Morgenstern Posted March 13, 2009 Posted March 13, 2009 I am trying to help myself get through the grieving process, and one of the things I did today, the 10th day since she passed is taking the stuff of hers I have, and just put it away. I changed my wallpapers and backgrounds too. I figure maybe I can get used to life without her again for a little bit, and then bring the stuff back out. Do you think this is a good or bad idea.
kizik Posted March 13, 2009 Posted March 13, 2009 Hi Morgen, I think you are doing the right thing by putting reminders out of sight. Please do whatever you have to do to ease the pain (drugs excluded, of course). I am so sorry for your loss. Josh
blondesmiler Posted March 13, 2009 Posted March 13, 2009 Out of the way, put in one place within another place, make it a real pain to get to them.....that way if your tempted to look then the time that it takes to get to them might be time enough to make you think twice about it and not do it! I never got mine back out again, cause once your over it, the things will have no feeling anymore and you won't be bothered about looking.

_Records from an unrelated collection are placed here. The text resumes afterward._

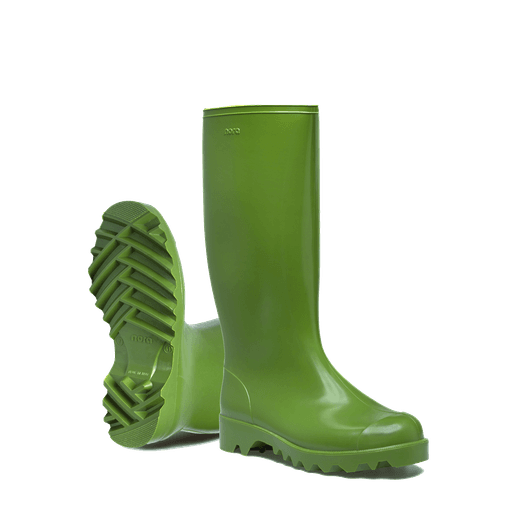 Nora Dolomite PVC Unlined Wellington Boots - Green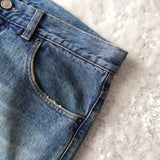 Initial Embroidery Blue Denim｜Made in Italy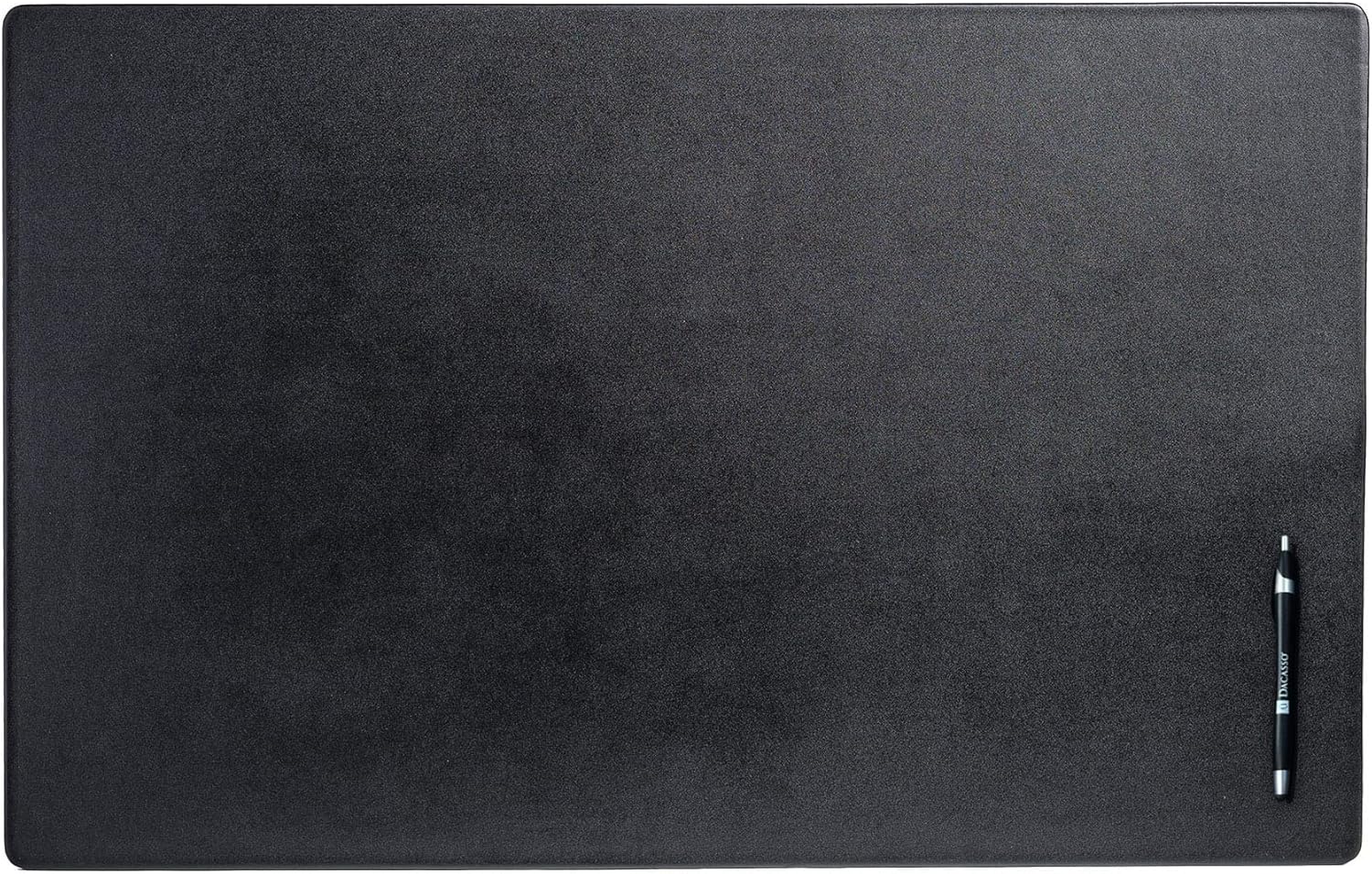 Dacasso Black Leather Desk Mat, 30-Inch by 19-Inch: Home & Kitchen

anne1707 Posted March 13, 2009 Posted March 13, 2009 Morgen I am so sorry for your loss. I cannot even begin to understand how you must be feeling now. You can only do what feels right for you on a day by day, even hour by hour basis. I know it sounds crass but you will find your way through this and find life again.
Trialbyfire Posted March 13, 2009 Posted March 13, 2009 I'm sincerely sorry for your tragic loss Morgenstern. ((hugs)) Put everything away but try not to repress your grief. There's nothing wrong with crying, if you feel like it. There's also nothing wrong with moving forward with your life, if you've dealt with your grief.

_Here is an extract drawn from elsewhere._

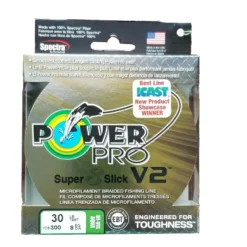 Power Pro Super 8 Slick V2 Hi-Vis Aqua Green 30 Lb 300 Yds Braided Fishing Line Line/Leaders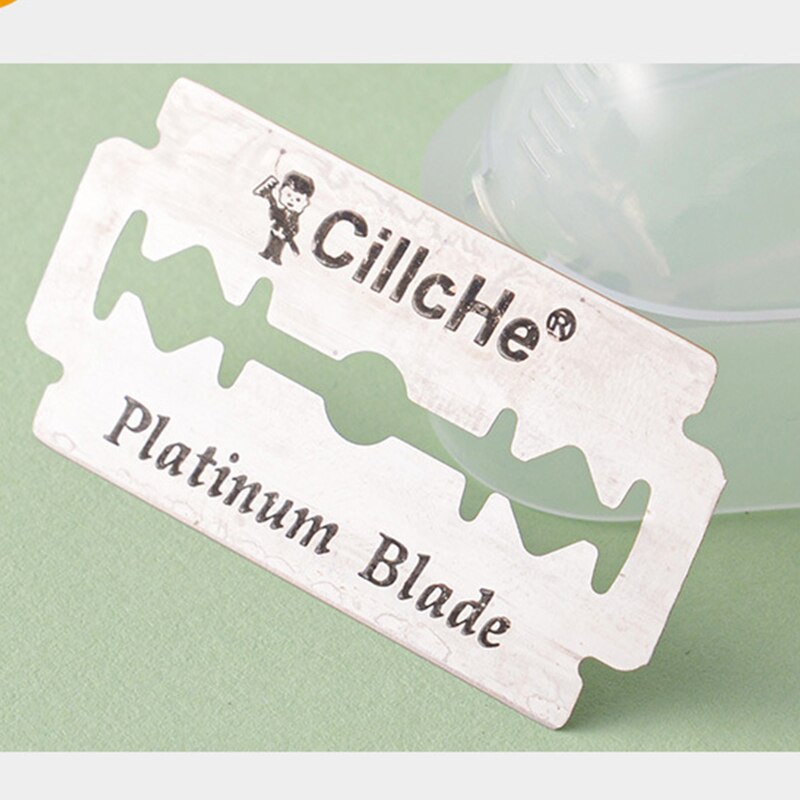 Safety Stainless Steel Classic Razor Handle Straight Razor Holder Men's Shaving Face Razor Blades Shaving With 5 Blade Barber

marlena Posted March 13, 2009 Posted March 13, 2009 Do whatever will alleviate your pain.. no matter how slightly, no matter how temporarily... I did this too ...after my divorce and after losing my mother.
Author Morgenstern Posted March 13, 2009 Author Posted March 13, 2009 Well I feel better than I did the past week in some ways. I dont cry anymore, nothing bothers me. She died by crashing into a tractor trailer, and I watched the news report today for the first time and I had no response, im just dead inside. Im depressed to say the least. ---- Anyway I already wrote this stuff a bunch of times before, to get myself on topic... I realized that by having all of her stuff around me, and surrounding myself with her, I was really expecting her to come back. I figured if I did this, I would realize what happened and get used to life alone again. And to the person who said they will mean nothing to me, they certainly will and i am sure that no matter who else comes into my life, they won't ever be as special to me as she was. May I love again? I know I will i need to love as a part of my personality. Will it be like with her? I doubt it. Edit: I noticed people calling me Morgen, Morgenstern is actually German for Morning Star lol. My name is Nathan.
EmperorR Posted March 15, 2009 Posted March 15, 2009 I'm really really sorry for your loss. It may help just to put things away just for now if it makes you feel better, you can always go look at them whenever you want. Again really sorry for your loss.